Jakarta – Ratusan mahasiswa tergabung dalam Pemuda – Pelajar Halmahera Selatan (Halsel) dan PTKP Himpunan Mahasiswa Islam (HMI) Jakarta Pusat Utara (Pusara) berunjuk rasa di depan Istana Negara, Jl. Medan Merdeka Utara Gambir Jakarta Pusat, Kamis (11/8/2016).
Mereka mengadukan Presiden Joko Widodo untuk segera memerintahkan Kejaksaan Tinggi Maluku Utara untuk mengusut tuntas skandal dugaan kasus korupsi secara berjamaah di lakukan oleh oknum pejabat daerah Halmahera Selatan, seperti pada kasus korupsi tiga proyek di antaranya : dana Bansos sebesar Rp. 26 Miliar, KM Halsel Ekspress Rp. 14,5 Miliar dan Spesifikasi Greend Rp. 47 Miliar.
“Kami mendesak Pak Jokowi untuk memerintahkan Kejaksaan Tinggi Malut untuk mengusut tuntas skandal korupsi dengan total anggaran kerugian Negara sebesar Rp. 87,5 M,” tegas Koordinator aksi R. Ranjes Reubun.

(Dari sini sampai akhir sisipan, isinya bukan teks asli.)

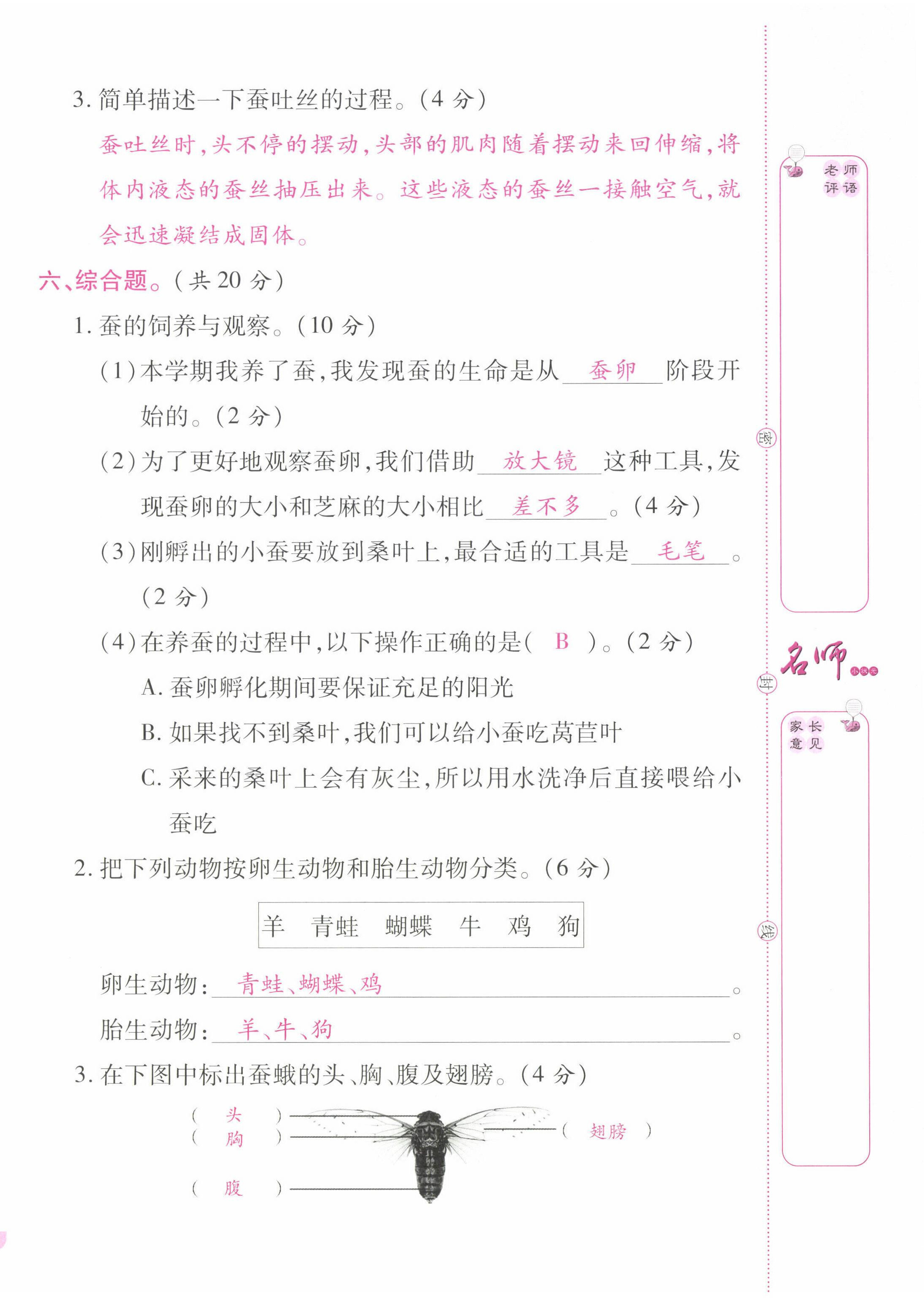 2022年名師小狀元課時(shí)作業(yè)本三年級(jí)科學(xué)下冊(cè)教科版 第8頁(yè)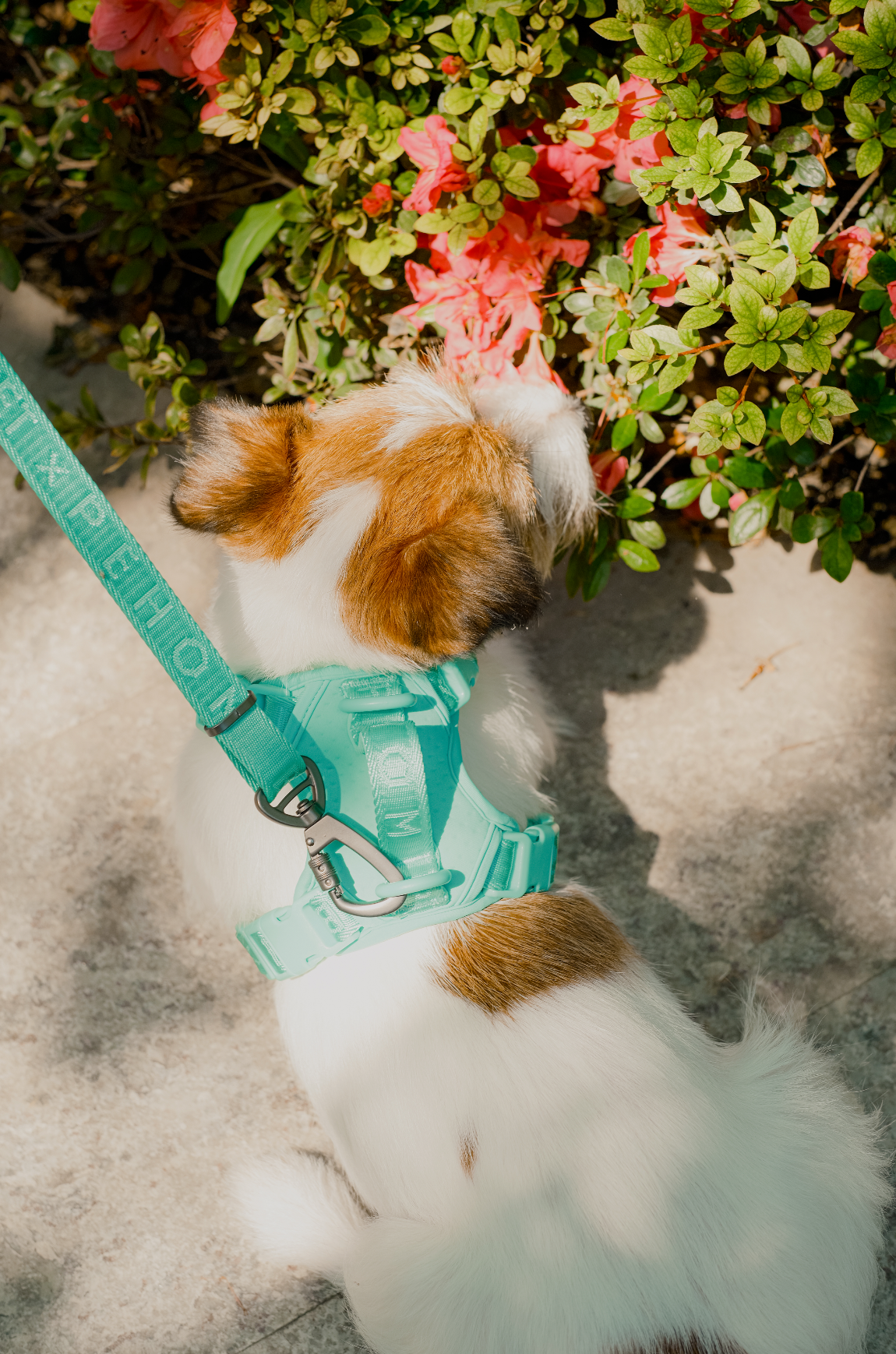 Urban Active Dog Harness - Mint Green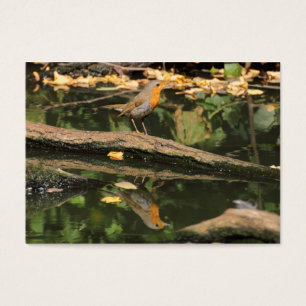 Erithacus rubecula visitekaartjes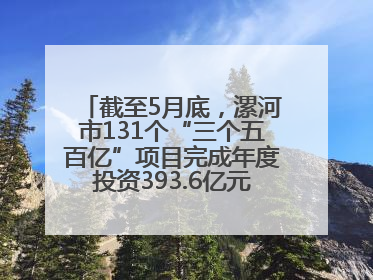 截至5月底，漯河市131个“三个五百亿”项目完成年度投资393.6亿元，占年度投资计划的50.41%——“三个五百亿”项目带动产业提质升级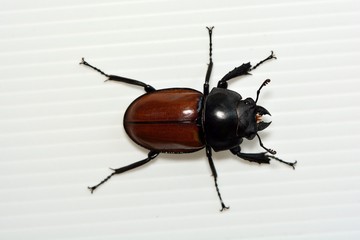 Red round wings(Neolucanus doro Mizunuma),Female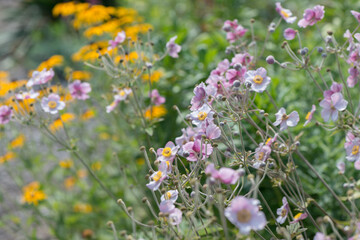 field of flowers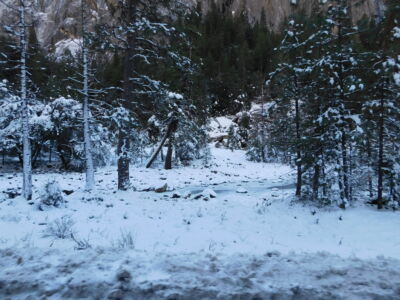 yosemite-travel-web-only-13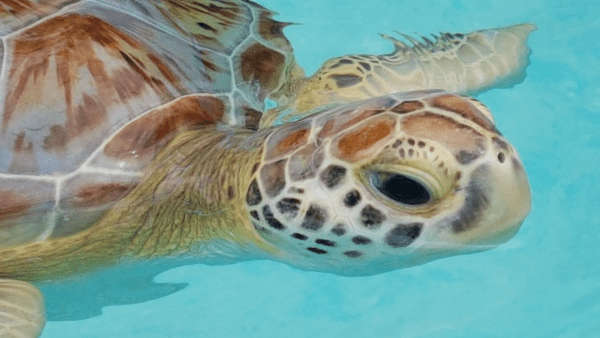 Belize Barrier Reef Sea Turtle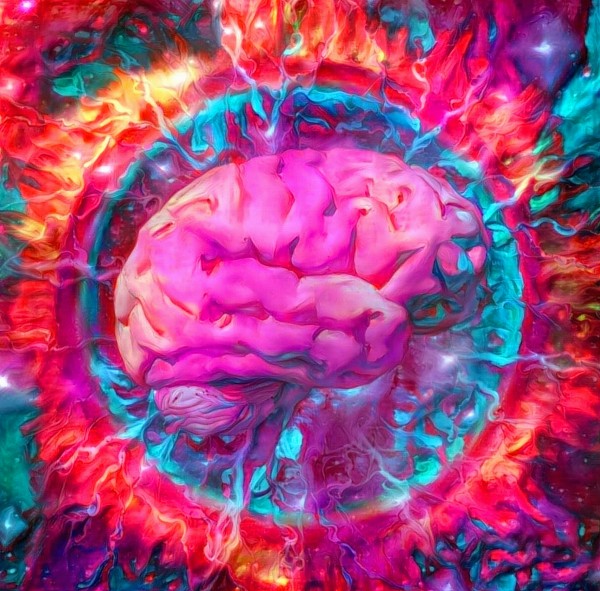 Vivid Brain by Bruce Rolff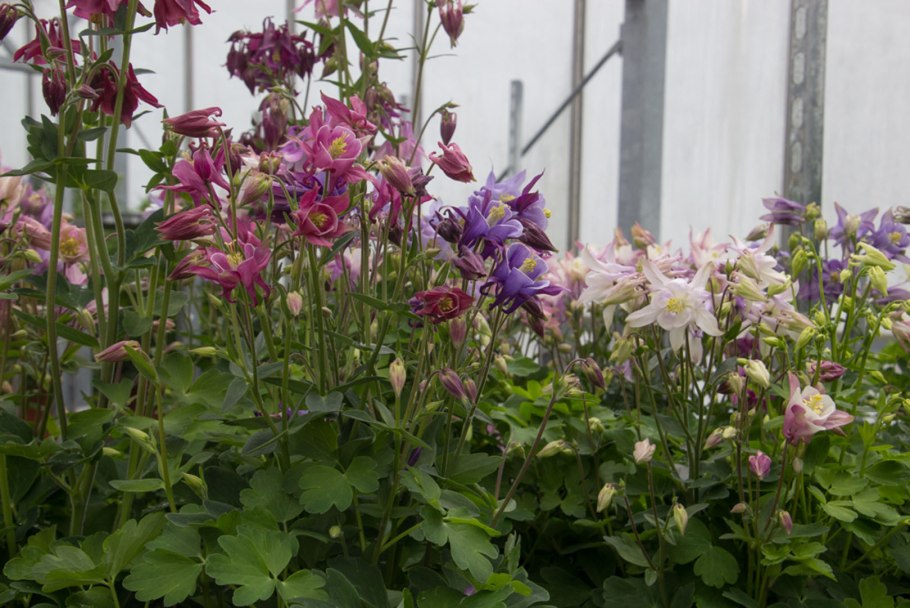 Аквилегия водосбор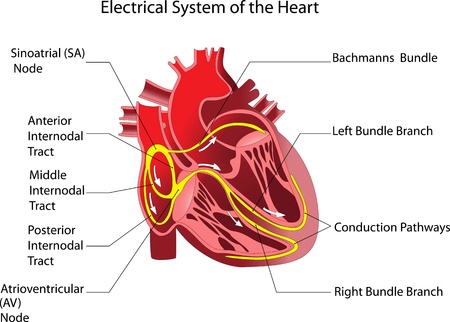 The device is the human heart  Posterのイラスト素材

Demonstran nampak kesal dengan membakar spanduk lantaran respon lambat yang dilakukan Kejaksaan Agung tak kunjung menyelesaikan dana Bansos yang merugikan negara tersebut. Pasalnya, kasus tersebut nampak sengaja dipetieskan oleh pihak Kejaksaan Tinggi Maluku Utara sehingga mengendap senyap tanpa kabar.
Mereka juga mengingatkan kepada Gubernur Maluku Utara agar tidak intervensi proses terkait penuntasan tiga korupsi berjamaah tersebut. Menurut dia, negara yang memiliki proses politik yang tidak stabil, sistem pemerintahan yang dikembangkan dengan tidak baik, dan rakyat yang miskin terbuka untuk disalahgunakan kaum oportunis menjanjikan pembangunan sumber daya atau infrastruktur dengan cepat.
“Mereka tidak mau bersaing dengan terbuka secara demokratis, mereka hanya membawa janji-janji dan memberikan harapan masa depan yang lebih baik. Cara mereka untuk menjalankan bisnis politiknya adalah merusak negerinya dengan korupsi,” ujar dia.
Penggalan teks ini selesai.